-Offener Brief an alle TV-Stationen, Medien, Verlage, PR- und Werbeagenturen, die Unterhaltungsindustrie, an alle Klugscheißer und an die Politik-
Sehr geehrte Damen und Herren,
hiermit fordere ich Sie auf, mich stets dumm, klein und unbedeutend zu halten! Bitte belügen und betrügen Sie mich! Ich möchte nichts wissen von politischen oder wirtschaftlichen Hintergründen, von geschichtlichen Ereignissen die verschwiegen werden, philosophischen Gedankenspielen, von Sprachverdrehungen, PR-Propaganda, Selbstzensur, ökonomischen Abhängigkeiten oder Interessenspolitik. Das alles interessiert mich einen Scheiss! Ich lebe nach dem Prinzip: mein Haus, mein Auto, meine Frau und mein Kind, meine Lohnarbeit, mein Fernseher, mein smartphone — und hinter mir die Sintflut.
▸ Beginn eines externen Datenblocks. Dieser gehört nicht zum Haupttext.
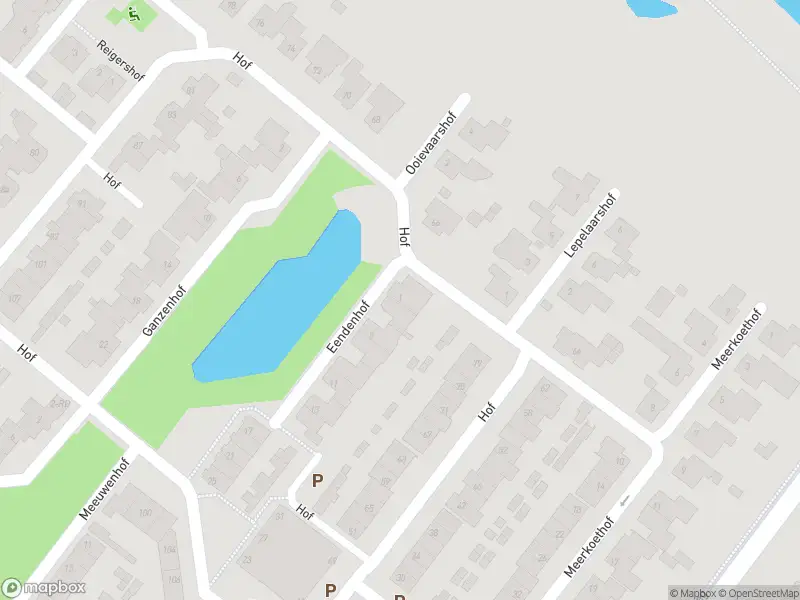 Brandweer en politie met grote spoed naar de Eendenhof in Dongen vanwege waarnemen gaslucht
Bitte verschonen Sie mich auch mit moralischer Verantwortlichkeit über weltweite Ausbeutung, Armut, Kriege, und Hungertote. Bitte unterlassen Sie jegliche Form von Aufklärung, die mir ein Unwohlsein oder Nachdenken abringen will. Ignorieren, verzerren und beschönigen Sie Sachverhalte und Ereignisse, die mein Weltbild beschädigen könnten. Versuchen Sie erst gar nicht meinen beschränkten, kleinbürgerlichen Spießerhorizont zu erweitern. Ich werde mich diesbezüglich niemals überzeugen lassen. Ich empfinde den Versuch, meine Realitätsfremdheit, meine Weltverleugnung und mein Menschenbild in Frage zu stellen, als einen gezielten Angriff auf meine Person. Wer meine Meinung kritisiert, wird von mir mit Vorwürfen und Missachtung gestraft werden.
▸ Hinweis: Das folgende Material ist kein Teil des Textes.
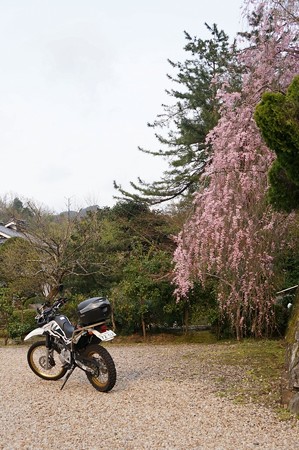 枝垂桜と
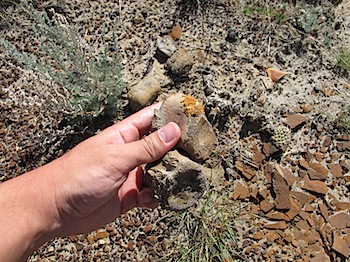 dinosaur_provincial_park_6270.JPG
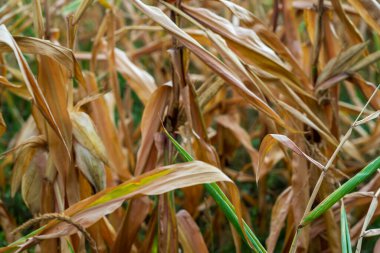 Mısır tarlası. Sonbaharda fırın ve un üretimi için tahıl gevreği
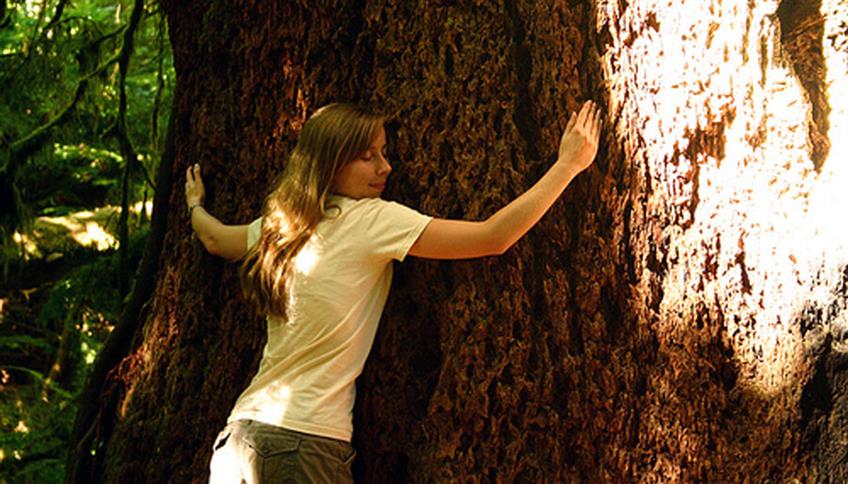 Silvoterapia. Abbraccia un albero, per ritrovare il benessere Silvoterapia. Abbraccia un albero, per ritrovare il benessere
Ich will eine Funktion ausfüllen, ohne erfüllt zu sein. Stets nur das machen, was von mir erwartet wird. Mich nur vorwärts im Kreis drehen. Unterhalten werden, ohne zu kommunizieren. Gefühle aufsaugen, Bilder fressen, ohne berührt zu werden. Kommunikation bedeutet für mich täglich stundenlang mit den Fingern über ein technisches Gerät zu wischen und zu tippen. Ich fordere Ablenkung, Bespaßung und Verdummung. Ich will den Fernseher einschalten und den Kopf abschalten. »Wieso, Weshalb, Warum« – Fragestellungen sowie »Was wäre wenn« – Vorschläge empfinde ich hierbei als anstrengend und humorlos. Es sei denn, mir erwachsen daraus persönliche Vorteile. Ich will mich amüsieren und lustig machen. Vorzugsweise über andere Menschen. Ich will Gewalt, Explosionen, einfache Zusammenhänge, Klischees und platt inszenierte Emotionen.
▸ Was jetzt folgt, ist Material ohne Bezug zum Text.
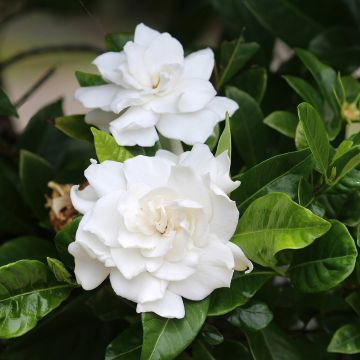Gardenia jasminoides Gardenia jasminoides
Bitte führen Sie diesbezüglich den Konsum von »Scripted Reality« – Formaten als tägliche, mindestens dreistündige Pflichtveranstaltung für jeden Bundesbürger ein. Nur so kann sicher gestellt werden, dass sich alle auf dem gleichen intellektuellen Niveau befinden. Mit Studenten, Klugscheißern, Besserwissern, Hobby-Psychologen, Möchtegern-Aufklärern, Kritikern und Pseudo-Intellektuellen möchte ich nichts zu tun haben! Sie alle wollen mir mein Entertainment-Paradies schlecht machen. Meinen mentalen Glas-Bunker mit Steinen bewerfen. Ihre negative Einstellung zerstört meine Wahrheit.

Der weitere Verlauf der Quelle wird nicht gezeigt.